[[ Data to use open ]]

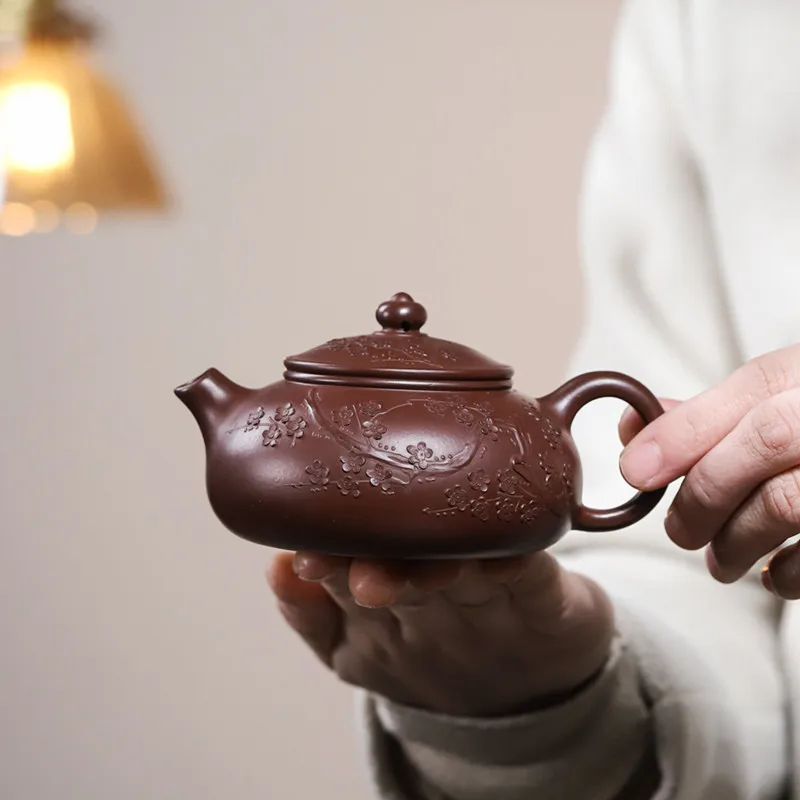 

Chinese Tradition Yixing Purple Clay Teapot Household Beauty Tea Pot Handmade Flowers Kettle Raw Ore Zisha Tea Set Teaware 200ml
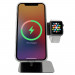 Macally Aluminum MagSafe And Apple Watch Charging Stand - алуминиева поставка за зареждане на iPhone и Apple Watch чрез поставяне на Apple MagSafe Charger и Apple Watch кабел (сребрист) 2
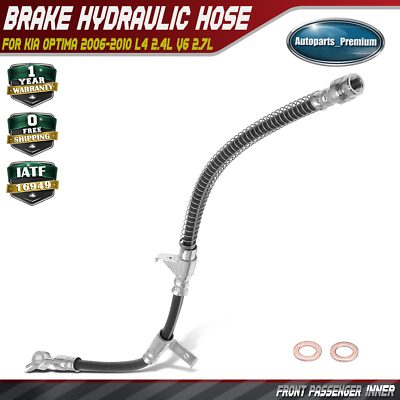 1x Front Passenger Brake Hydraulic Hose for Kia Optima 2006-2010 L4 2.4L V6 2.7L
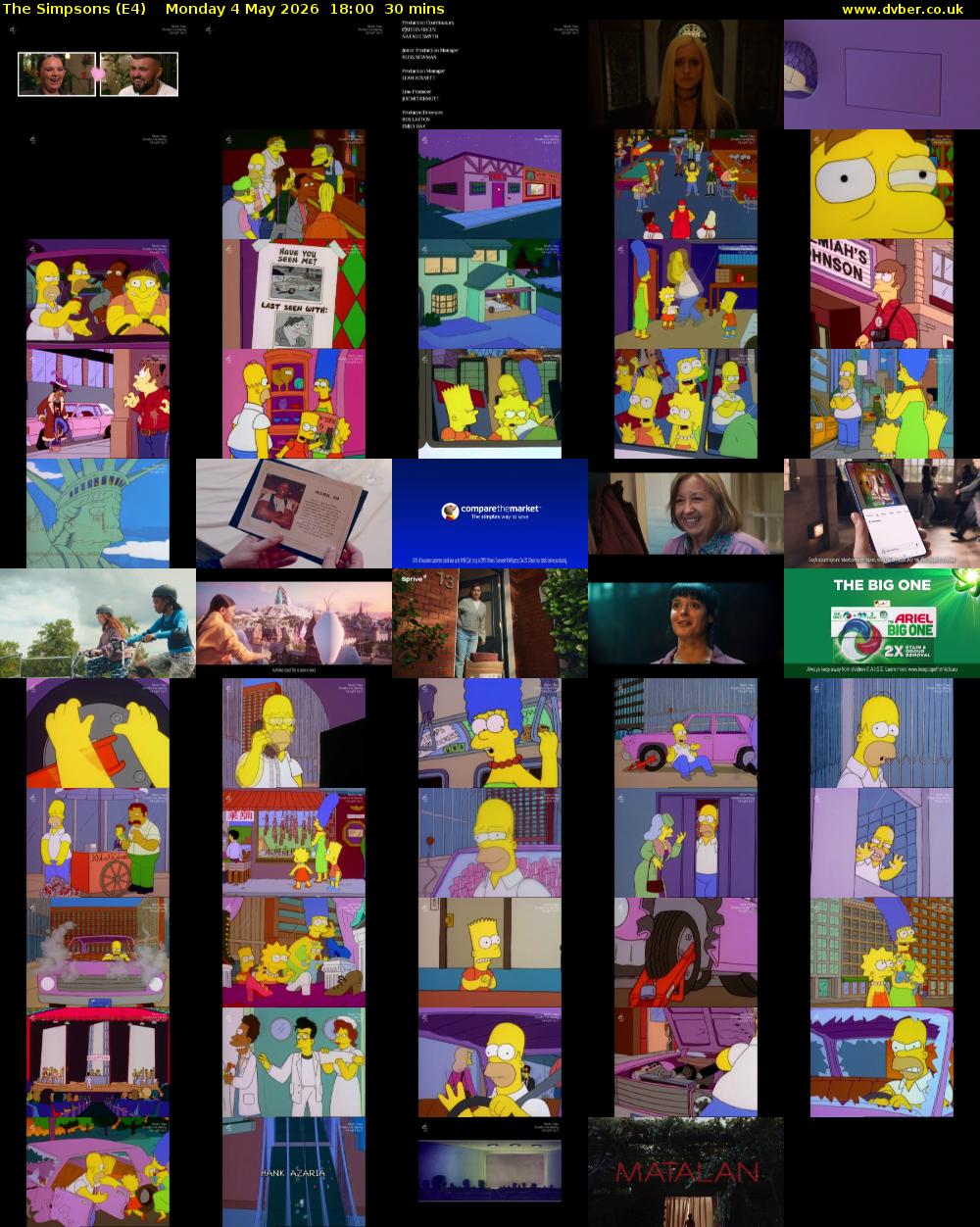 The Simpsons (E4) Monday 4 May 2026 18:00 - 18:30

[[ Data to use closed ]]
[[ Data to use open ]]

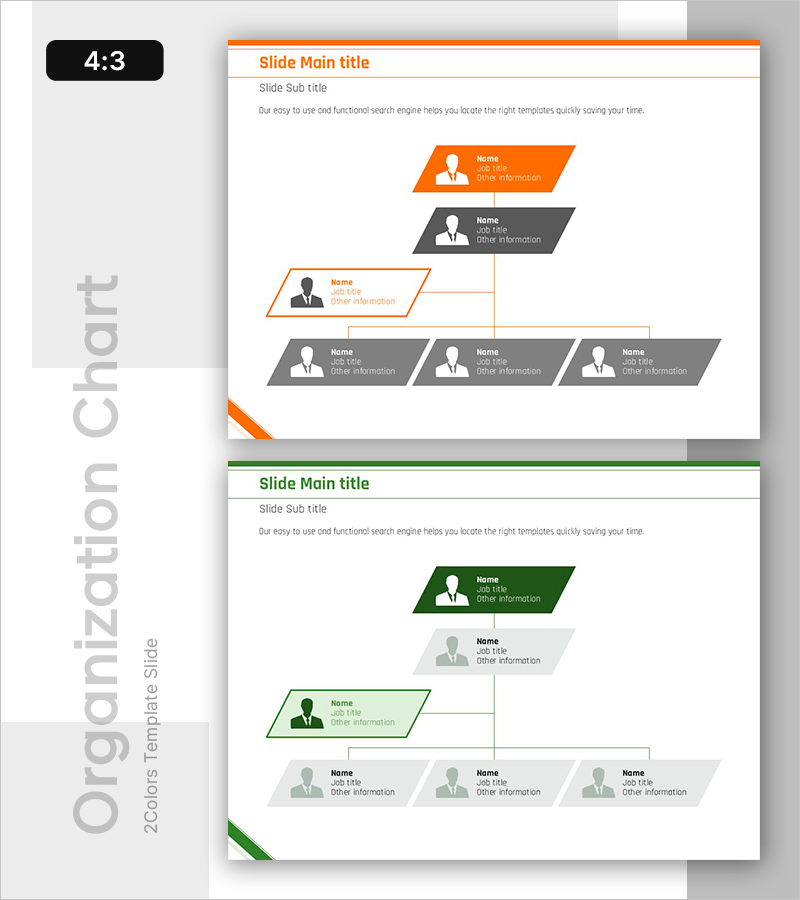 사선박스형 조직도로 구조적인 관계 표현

[[ Data to use closed ]]
[[ Data to use open ]]

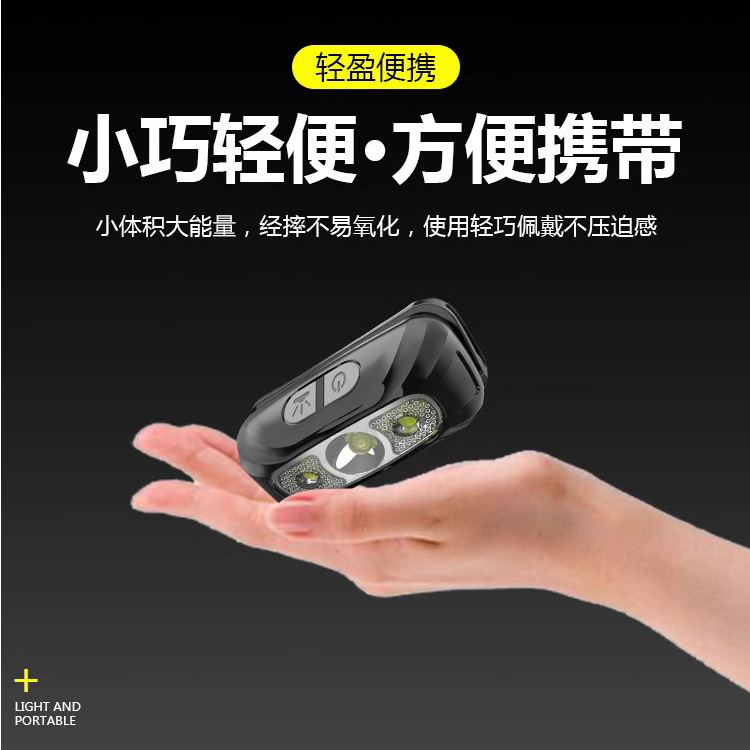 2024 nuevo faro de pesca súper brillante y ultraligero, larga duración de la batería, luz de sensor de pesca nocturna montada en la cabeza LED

[[ Data to use closed ]]

_Exercise goal_. Go back to the lines above and output, exactly as they stand, the ones from the line containing "Chinese Tradition Yixing" to the line containing "1x Front Passenger". Leave all pictures behind.

_Written reply_.
Chinese Tradition Yixing Purple Clay Teapot Household Beauty Tea Pot Handmade Flowers Kettle Raw Ore Zisha Tea Set Teaware 200ml
 Macally Aluminum MagSafe And Apple Watch Charging Stand - алуминиева поставка за зареждане на iPhone и Apple Watch чрез поставяне на Apple MagSafe Charger и Apple Watch кабел (сребрист) 2
 1x Front Passenger Brake Hydraulic Hose for Kia Optima 2006-2010 L4 2.4L V6 2.7L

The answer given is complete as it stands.